Seated Nude, Legs Crossed
Here, Adler renewed his friendship with Josef Herman, a fellow Polish artist who had moved to Glasgow in 1940. ‘It was with Jankel that I could share my more intimate fears’, Herman recalled later with gratitude. ‘These were years of fears. Both of us were Yiddish-speaking, we were both from Poland, hence we could look into each other’s faces with understanding. In the company of others we were a conspiracy of two.’ Herman’s presence in Glasgow undoubtedly helped Adler recover his strength and resume activity as an artist.
Figure with Table
The paintings and drawings illustrated here testify to the eloquence of the work he produced in Britain before his early death, near London, in April 1949. Buoyed by exhibitions of his work, first at the Annans’ Gallery in Glasgow with a catalogue foreword by the eminent Scottish painter J.D. Fergusson in 1941, Adler arrived at a powerful and eloquent final phase in his career. The undertow of tragedy running through these images must have intensified in 1942 when Herman was told, by the Red Cross, that his entire family had been exterminated by the Nazis in the Warsaw Ghetto. Herman suffered a total breakdown and, according to his future wife Nini, ‘Jankel Adler stepped in and nursed Josef through those weeks with maternal tenderness. Was it perhaps to heal them both.’
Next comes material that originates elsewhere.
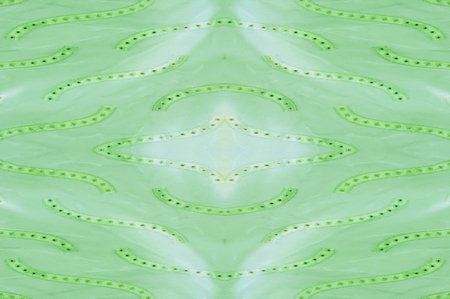 Seamless kaleidoscope. Fabric silk green-blue shades. Vibrant colors and scalloped shapes create a...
three compositions 'In Commemoration of the Polish Dead'
Adler had himself suffered grievously from Nazi discrimination. After growing up in the textile town of Łódź, as the eighth of twelve children, he moved to Germany and studied art there during the First World War. The young Adler was regarded as ‘a suspicious alien, to say the least’, and ordered to report to the police once a week as a civil prisoner. But he was highly regarded by his teachers, and after the war returned to Germany where he met many avant-garde artists, including Otto Dix who painted Adler’s portrait in 1926. His own art flourished, especially in Düsseldorf where he won awards and received a commission for a wall painting in the city’s Planetarium.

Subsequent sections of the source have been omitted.